Segment Open

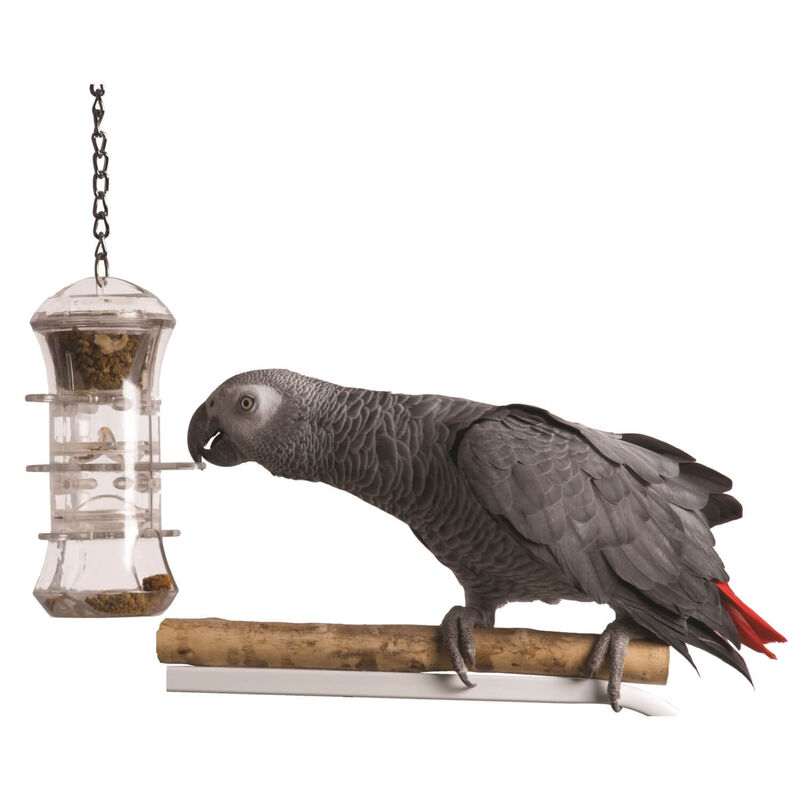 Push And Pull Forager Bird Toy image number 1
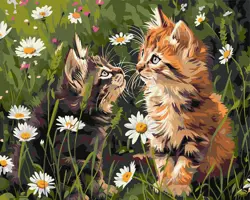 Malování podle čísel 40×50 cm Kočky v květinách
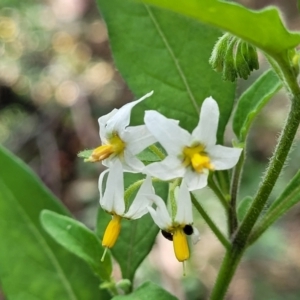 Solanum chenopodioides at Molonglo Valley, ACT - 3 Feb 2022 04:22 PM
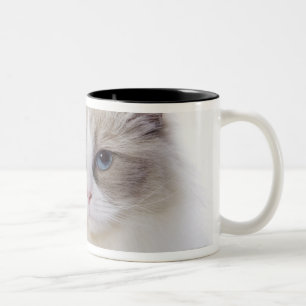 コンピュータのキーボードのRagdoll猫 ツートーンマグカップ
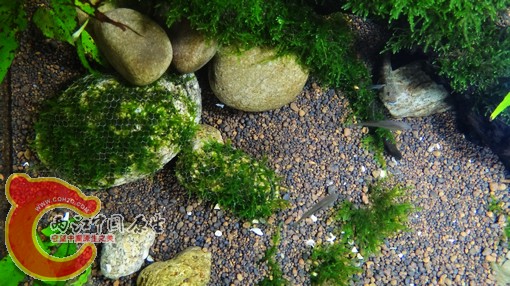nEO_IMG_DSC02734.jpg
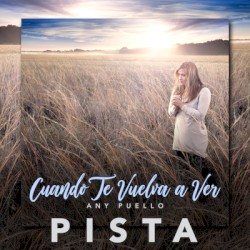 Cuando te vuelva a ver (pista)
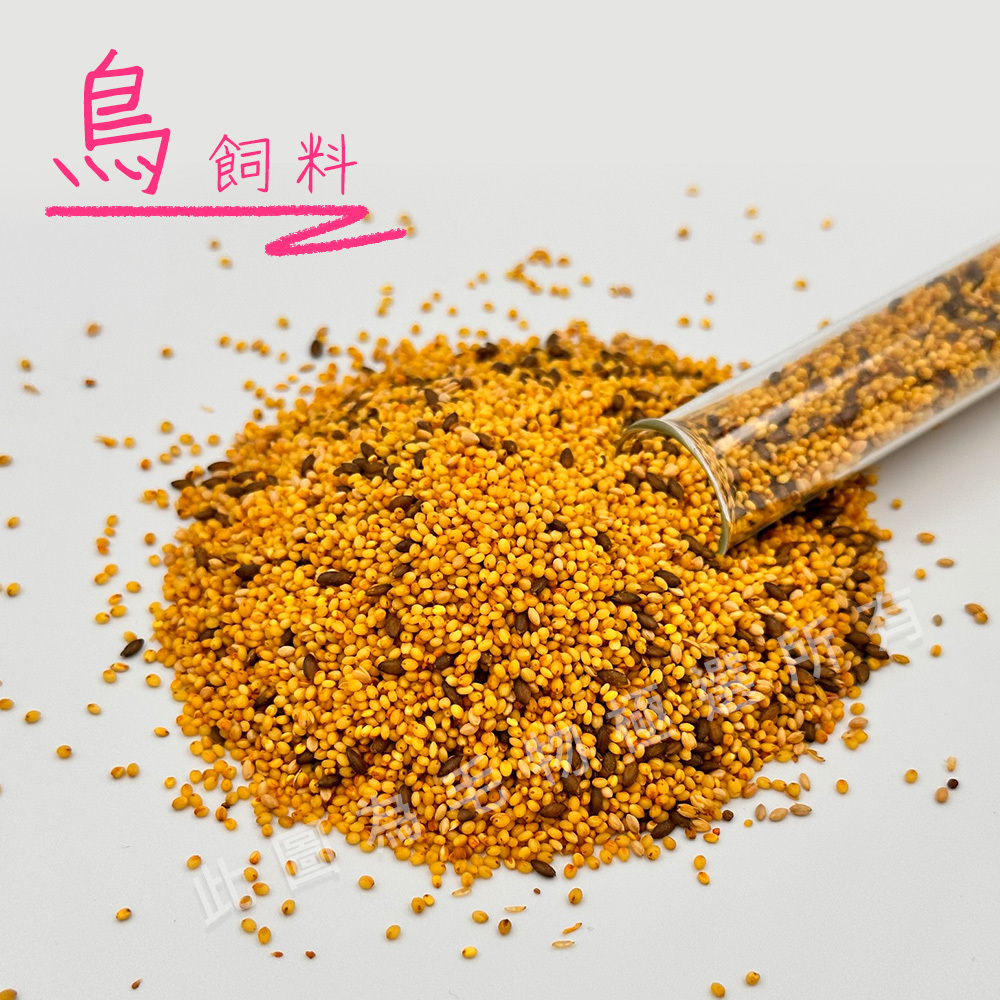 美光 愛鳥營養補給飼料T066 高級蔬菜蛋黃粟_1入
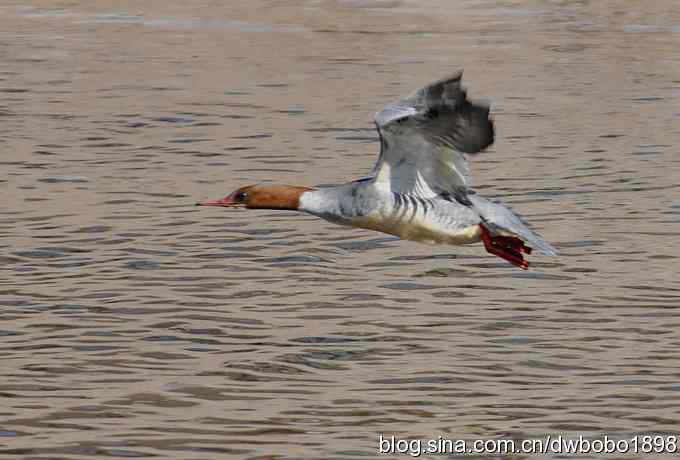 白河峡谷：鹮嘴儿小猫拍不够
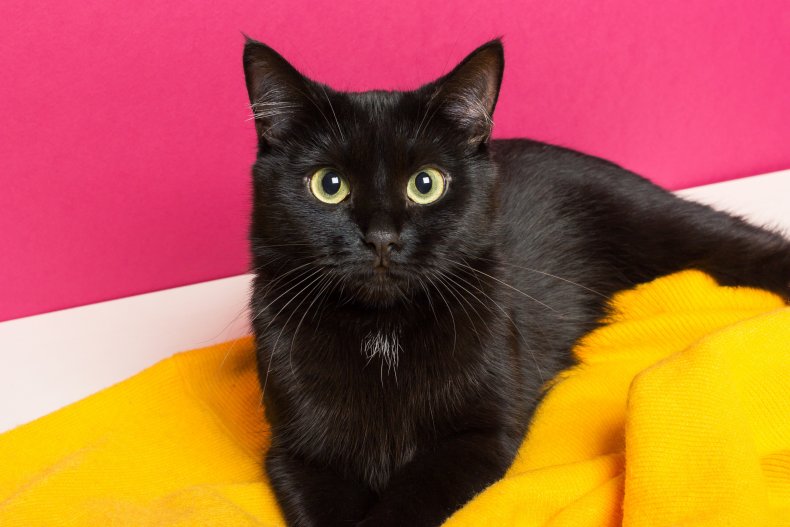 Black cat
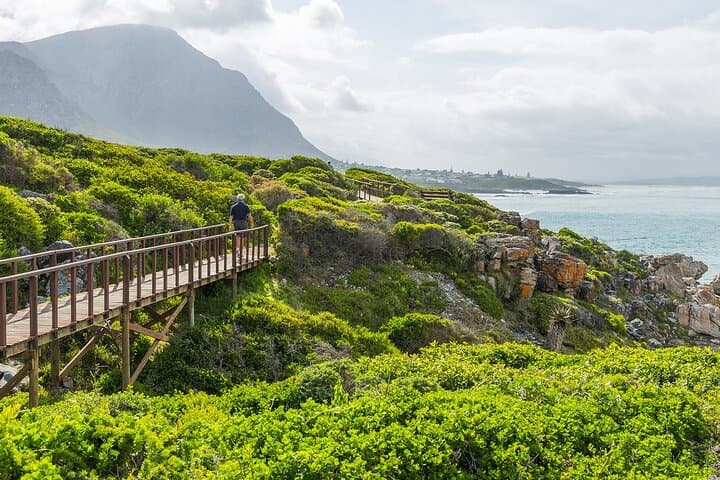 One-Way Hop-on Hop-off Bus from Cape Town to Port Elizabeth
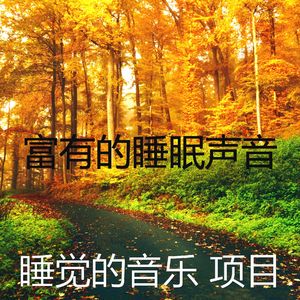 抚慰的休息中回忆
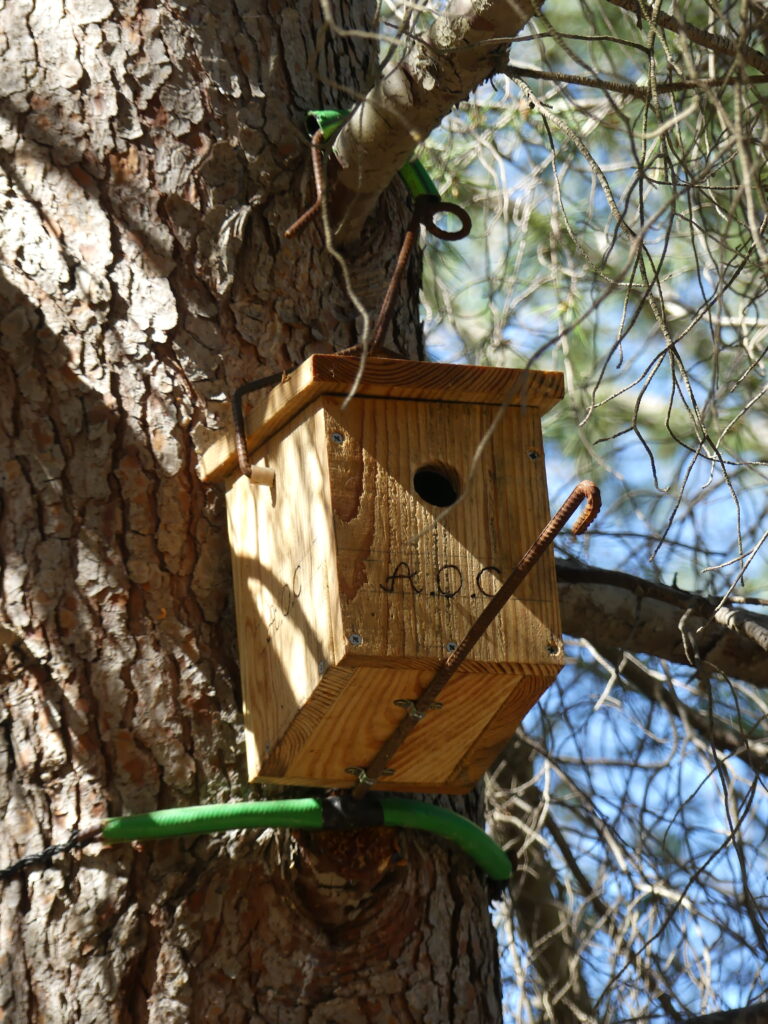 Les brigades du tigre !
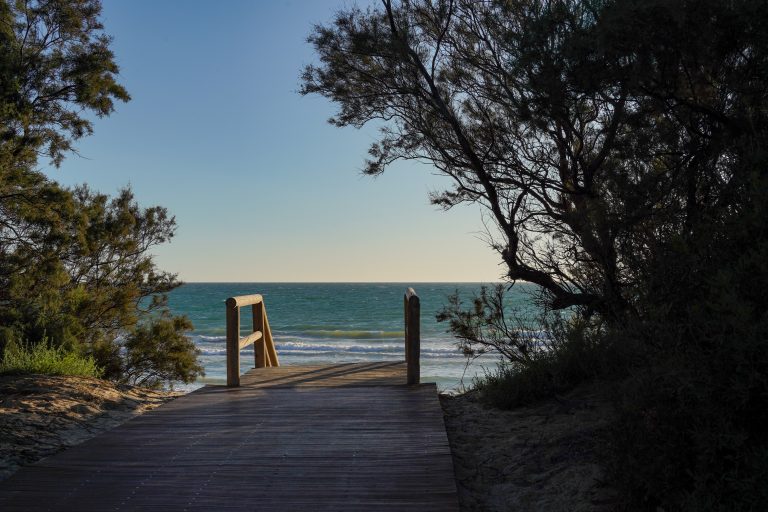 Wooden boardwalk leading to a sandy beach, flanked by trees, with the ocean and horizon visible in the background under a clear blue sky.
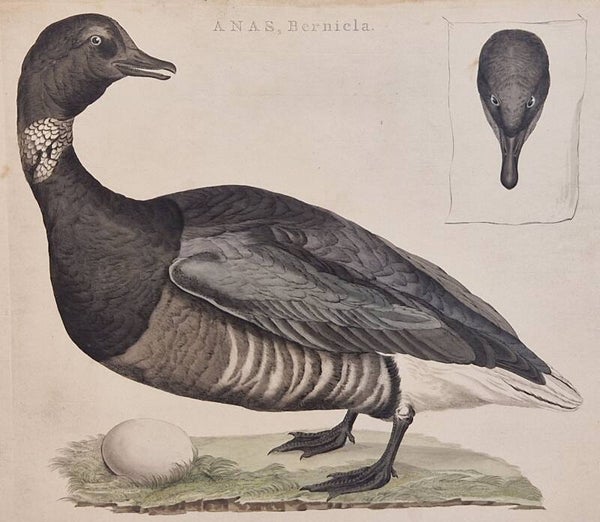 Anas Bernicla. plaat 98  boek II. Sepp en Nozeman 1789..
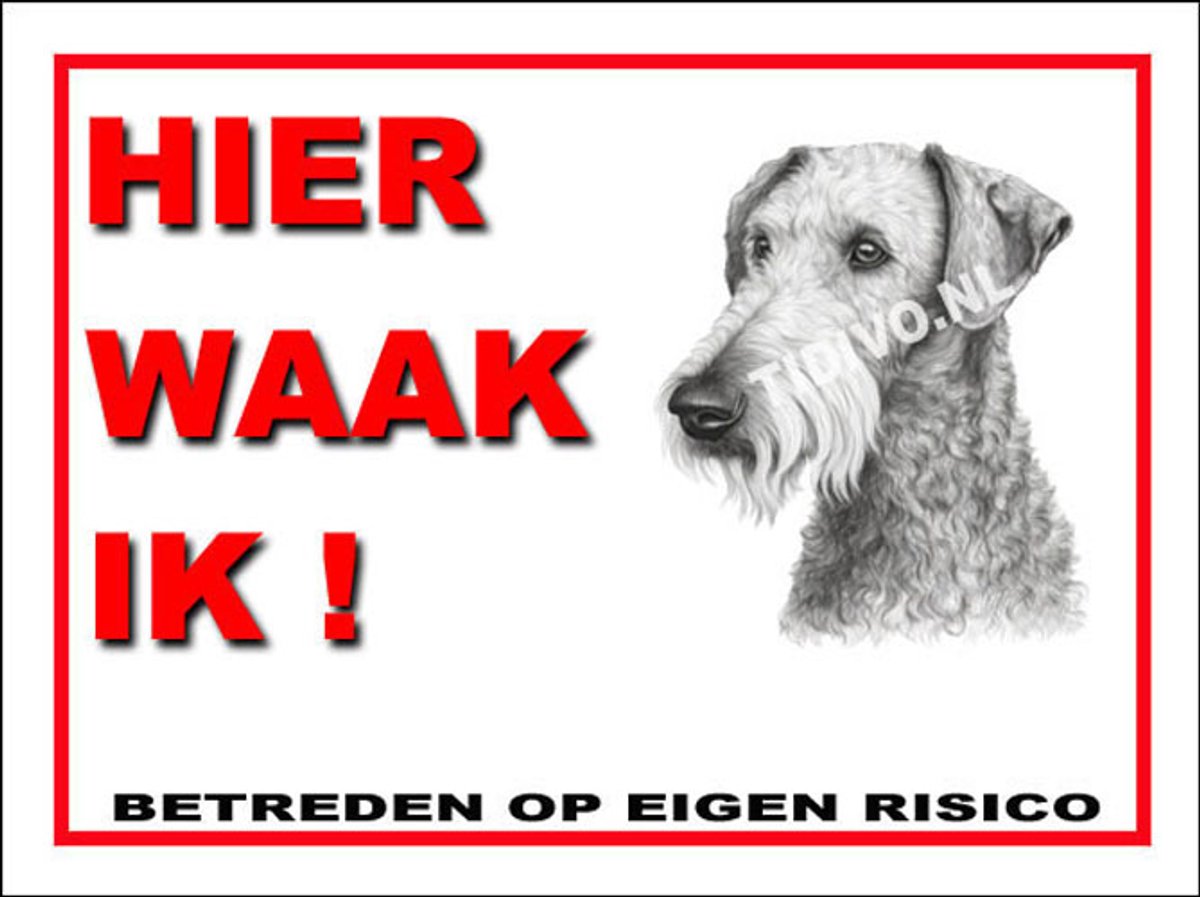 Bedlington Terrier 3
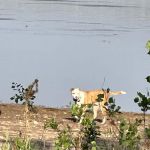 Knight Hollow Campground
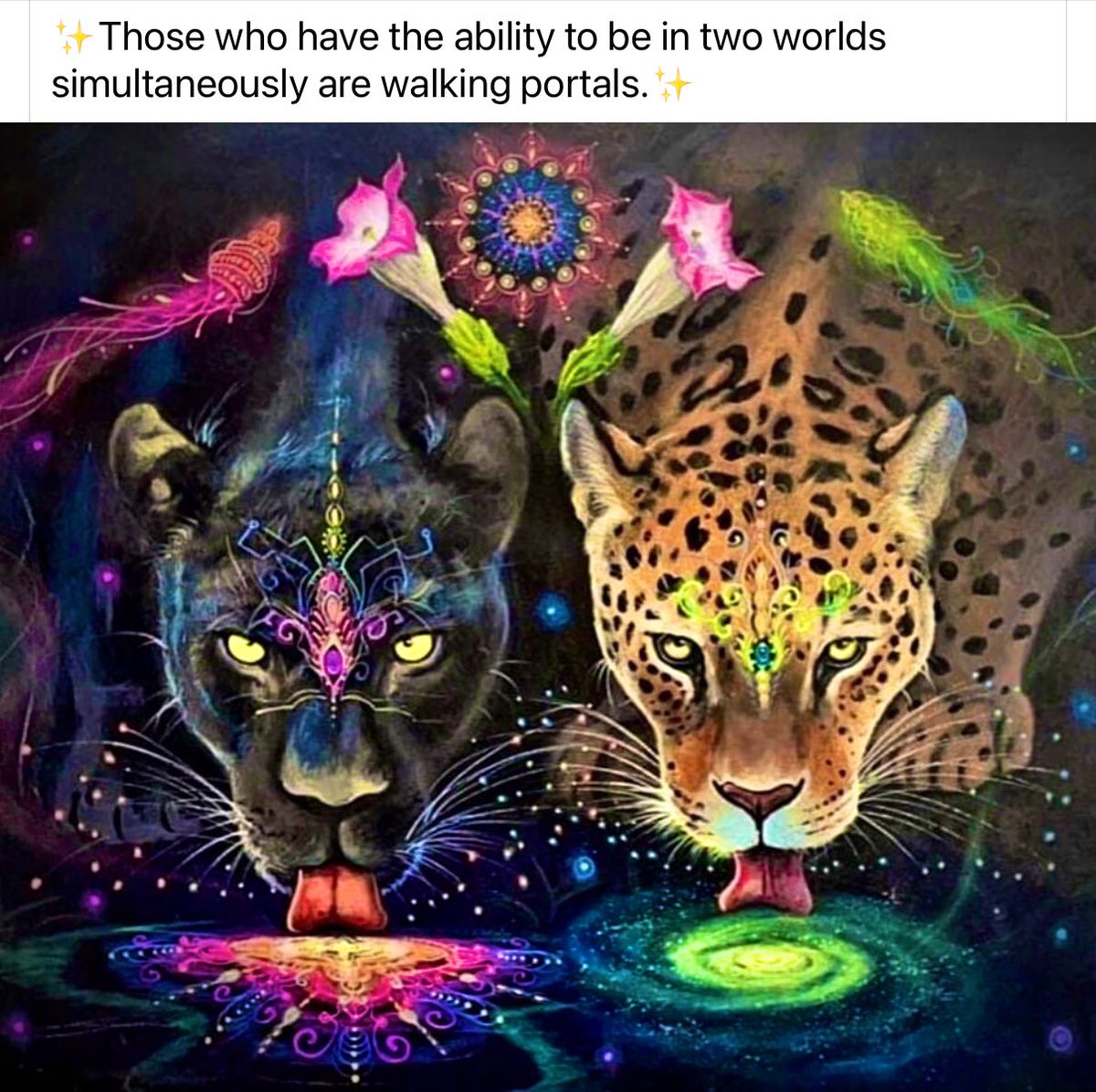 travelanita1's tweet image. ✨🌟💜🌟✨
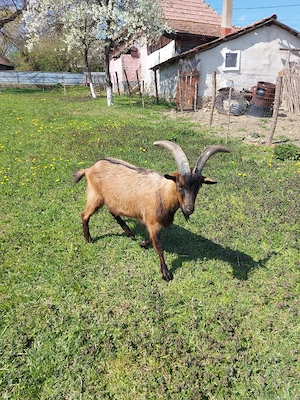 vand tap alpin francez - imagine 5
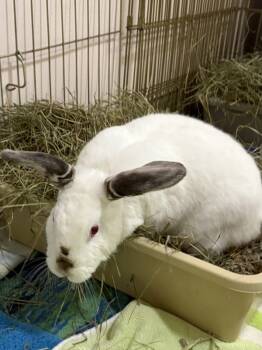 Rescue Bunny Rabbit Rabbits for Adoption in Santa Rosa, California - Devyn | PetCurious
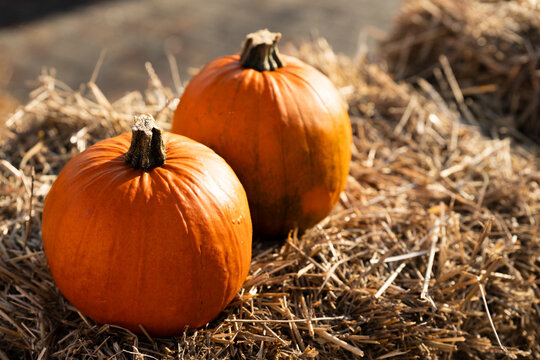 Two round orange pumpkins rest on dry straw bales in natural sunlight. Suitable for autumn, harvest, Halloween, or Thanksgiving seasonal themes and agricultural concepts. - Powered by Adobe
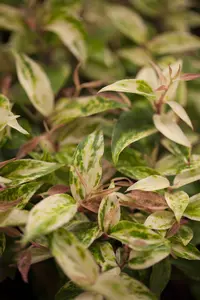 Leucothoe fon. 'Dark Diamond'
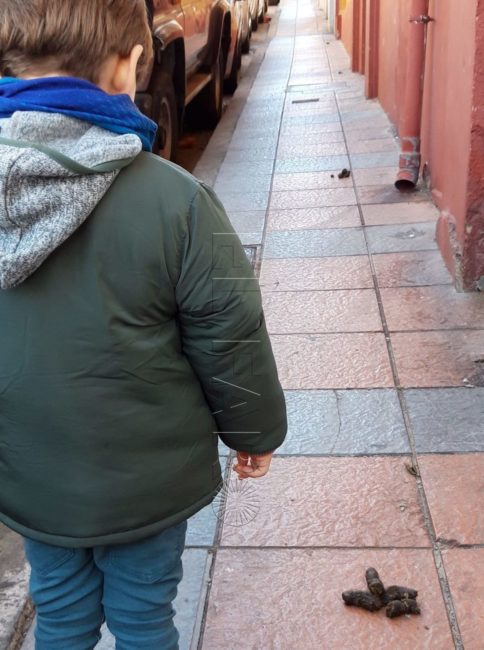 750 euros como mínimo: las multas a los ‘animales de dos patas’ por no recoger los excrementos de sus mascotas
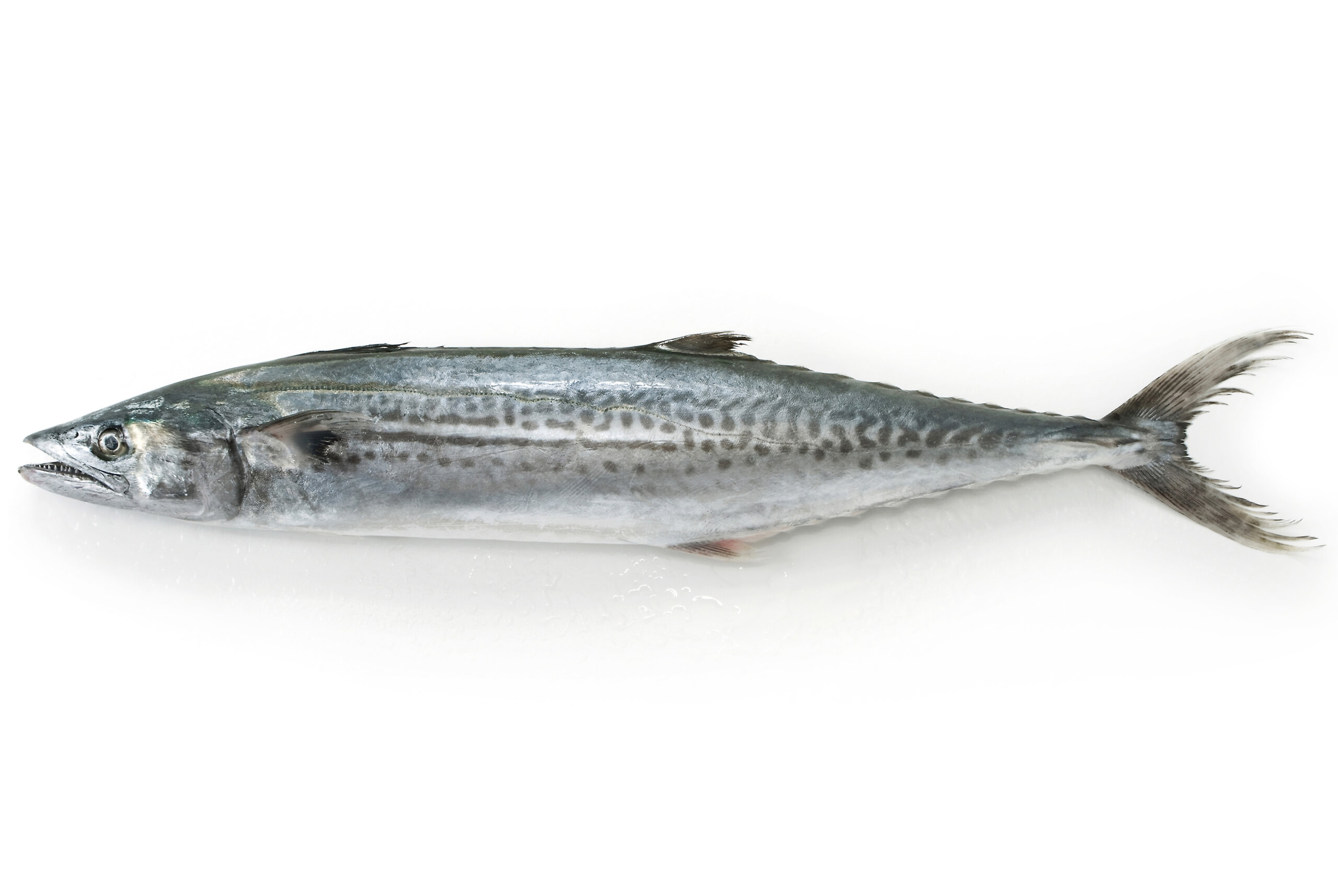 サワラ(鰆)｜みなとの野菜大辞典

Segment Closed

An exact retyping of the entries, without images, is the required answer.

> Your solution:
 Push And Pull Forager Bird Toy image number 1
 Malování podle čísel 40×50 cm Kočky v květinách
 Solanum chenopodioides at Molonglo Valley, ACT - 3 Feb 2022 04:22 PM
 コンピュータのキーボードのRagdoll猫 ツートーンマグカップ
nEO_IMG_DSC02734.jpg
 Cuando te vuelva a ver (pista)
 美光 愛鳥營養補給飼料T066 高級蔬菜蛋黃粟_1入
 白河峡谷：鹮嘴儿小猫拍不够
 Black cat
 One-Way Hop-on Hop-off Bus from Cape Town to Port Elizabeth
 抚慰的休息中回忆
 Les brigades du tigre !
 Wooden boardwalk leading to a sandy beach, flanked by trees, with the ocean and horizon visible in the background under a clear blue sky.
 Anas Bernicla. plaat 98  boek II. Sepp en Nozeman 1789..
 Bedlington Terrier 3
 Knight Hollow Campground
 travelanita1's tweet image. ✨🌟💜🌟✨
 vand tap alpin francez - imagine 5
 Rescue Bunny Rabbit Rabbits for Adoption in Santa Rosa, California - Devyn | PetCurious
 Two round orange pumpkins rest on dry straw bales in natural sunlight. Suitable for autumn, harvest, Halloween, or Thanksgiving seasonal themes and agricultural concepts. - Powered by Adobe
 Leucothoe fon. 'Dark Diamond'
 750 euros como mínimo: las multas a los ‘animales de dos patas’ por no recoger los excrementos de sus mascotas
 サワラ(鰆)｜みなとの野菜大辞典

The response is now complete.